And if you already have a google account - why not leave a comment today?
Sunday, March 16, 2008
Barrenjoey Lighthouse
Walking up the beach on the Pittwater side of Barrenjoey Headland - we are off up to the lighthouse you can see up there
Anna taking a break halfway up
George and Anna have a pretty frenetic social life here, and as their taxi driver I do too. Most weekends are full of sport plus extra children sleeping on put-me-ups around the house. In many respects I love having a home where children are keen to visit and where their parents feel confident that they will be well looked after, but every now and again I would like to have the house to ourselves and not share the my children with their friends. In the last couple of weeks we have had Joel, Jack, Eben, Luke, Chloe and Georgie for sleepovers - all lovely kids, but lots of noise, mess, late nights and bedlinen!
As a result, this weekend was declared a sleepover free zone, and today a family only day. This plan was greeted with a decided lack of enthusiasm from George and Anna, but Andrew and I perservered - despite feeling like the world's worst parents when fighting off requests from all corners for various apparently enormously important social events!
Having been for a great walk with Sharon and Joel on Friday to the top of the Barrenjoey Headland (Joel should have been at school but, as 6 year olds are inclined to do, he had been suffering from a mysterious ailment in the morning, of which by lunch time he had been miraculously cured...), we thought it would be fun to do the walk again with the children, have a look around the lighthouse, and then retire to the beach.
We started the morning with a fun game I have invented called tidying up the house. I am the only person who is keen on this game, but Andrew and the children reluctantly joined in. It involves going methodically from room to room collecting all the things which belong to you, and then returning them to your room. I follow with a black sack getting everyone to pick up bits of rubbish. The final stage is to go to your room and tidy that up. Can't understand why everyone was so negative about it myself....and of course we wouldn't have to play the game IF EVERYONE PUT EVERYTHING BACK IN THE RIGHT PLACE IN THE FIRST PLACE. I know women across the world are nodding their heads in agreement...
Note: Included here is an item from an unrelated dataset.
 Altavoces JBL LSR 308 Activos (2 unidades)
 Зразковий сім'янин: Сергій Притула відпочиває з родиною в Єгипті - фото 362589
Anyway - back to our lovely family day...
Barrenjoey Headland is the rocky outcrop at the end of the Palm Beach peninsula with Pittwater on one side and the ocean on the other. You will have seen it in the opening credits on Home and Away, if you ever watch it, because the programme is filmed there. It's 350 feet about sea level, and is therefore a pretty steep walk up steps hewn out of the rock to get there. Although it is tiring - especially in the heat - the view when you get to the top is plenty rewarding enough to make it worthwhile. You can see all the way up the central coast in one direction, and in the other you can make out Centrepoint Tower in Sydney city centre. We went on the tour of the lighthouse and found out that the tower and the buildings had been built by convicts, who had dragged great chunks of sandstone up there for the construction. Given that it was tough carrying nothing but a water bottle, I reckon that was quite an achievement!
George has spotted a big lizard. We are told there are (highly venomous) brown snakes up there too!
At the top, looking over to the beautiful beaches of the Central Coast
After that, we retired to 'Carmel's Cafe' on the jetty on Pittwater - where the seaplanes set off from - for refreshments and then went over to the beach on the ocean side to cool off. Andrew and the children went in with their bodyboards and I watched anxiously from the edge of the water. I still find it difficult to relax when George and Anna are in the water, even when Andrew is there. The more I see 'Bondi Rescue' on the tv, the more I realise how treacherous the sea really is, although I accept that George and Anna rarely go in above their waists and always between the flags and are really not ever in any danger. In the end, I decided that the best thing was to take myself back to our stuff and read my magazine, on the grounds that what the eyes don't see, the heart doesn't grieve over...
Despite the dodgy start, and the initial muted commitment to the idea, family day was announced a success, and it was agreed that it should happen at least once a month. Disappointingly, no one wanted to make the tidying up game a regular thing. Funny that.
You will all be pleased to know that for the last couple of weeks, the weather has been glorious - consistently hovering around 30 degrees, and without a cloud in the sky. We are keeping our fingers crossed for the bank holiday weekend when we are going camping....perhaps you could cross yours for us too!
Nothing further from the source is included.